Hello, I´m new in mothur.
I´m trying to follow the miseq sop with my own samples. I have got one sample with 120000 sequence.
I´m running the command:
mothur > make.contigs(file=stability.files, flip=T, processors=8)
and I get this:
Some of your sequences generated alignments that eliminated too many bases, a list is provided in stability.trim.contigs.good.unique.flip.accnos. if the reverse compliment proved to be better it was reported.

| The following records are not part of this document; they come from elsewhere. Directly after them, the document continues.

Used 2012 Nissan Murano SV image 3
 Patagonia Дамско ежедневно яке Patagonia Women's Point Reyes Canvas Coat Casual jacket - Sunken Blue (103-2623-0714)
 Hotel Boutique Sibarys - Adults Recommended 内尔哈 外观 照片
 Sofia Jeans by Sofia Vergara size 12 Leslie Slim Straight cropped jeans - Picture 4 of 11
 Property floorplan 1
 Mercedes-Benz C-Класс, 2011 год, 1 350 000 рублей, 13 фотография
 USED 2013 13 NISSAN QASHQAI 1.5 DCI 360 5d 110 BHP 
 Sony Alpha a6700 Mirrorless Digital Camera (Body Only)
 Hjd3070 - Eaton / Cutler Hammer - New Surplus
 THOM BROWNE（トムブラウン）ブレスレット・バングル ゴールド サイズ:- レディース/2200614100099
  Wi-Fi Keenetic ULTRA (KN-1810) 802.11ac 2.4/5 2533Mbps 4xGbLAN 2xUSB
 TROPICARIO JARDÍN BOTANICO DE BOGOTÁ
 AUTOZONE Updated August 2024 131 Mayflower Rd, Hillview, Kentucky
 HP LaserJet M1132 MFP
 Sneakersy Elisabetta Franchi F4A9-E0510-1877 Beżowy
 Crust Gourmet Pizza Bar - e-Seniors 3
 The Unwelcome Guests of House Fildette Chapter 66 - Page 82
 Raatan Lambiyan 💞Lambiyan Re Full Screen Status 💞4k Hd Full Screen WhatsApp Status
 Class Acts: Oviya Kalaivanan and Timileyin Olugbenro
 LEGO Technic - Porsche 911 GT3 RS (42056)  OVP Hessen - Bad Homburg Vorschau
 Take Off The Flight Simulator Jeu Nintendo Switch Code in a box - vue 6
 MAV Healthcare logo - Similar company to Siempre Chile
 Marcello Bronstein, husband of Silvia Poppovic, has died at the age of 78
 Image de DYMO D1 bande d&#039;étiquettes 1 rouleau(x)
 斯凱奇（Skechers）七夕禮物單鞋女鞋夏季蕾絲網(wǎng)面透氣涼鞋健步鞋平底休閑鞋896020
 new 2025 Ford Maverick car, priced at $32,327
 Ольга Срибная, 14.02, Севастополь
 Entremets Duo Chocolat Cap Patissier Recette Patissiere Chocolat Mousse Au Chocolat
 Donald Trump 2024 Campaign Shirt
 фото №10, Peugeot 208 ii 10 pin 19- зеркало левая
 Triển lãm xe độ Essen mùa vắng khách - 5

So I think I have to get rid of the primers, barcodes, linkers and spacers of my samples so I run,
mothur > make.contigs(ffastq=test_1.fastq, rfastq=test_2.fastq, oligos=test.oligos)
And my oligos file is:
forward AATGATACGGCGACCACCGAGATCTACACTATGGTAATTGTGTGCCAGCMGCCGCGGTAA
reverse GGACTACHVGGGTWTCTAAT
barcode GTCGTGTAGCCT
linker AGTCAGTCAGCC
Spacer CAAGCAGAAGACGGCATACGAGAT
and I get a error:
[ERROR]: cannot mix paired primers and barcodes with non paired or linkers and spacers, quitting.
I think my mistake is in the oligo file,
Could somebody help with this, please?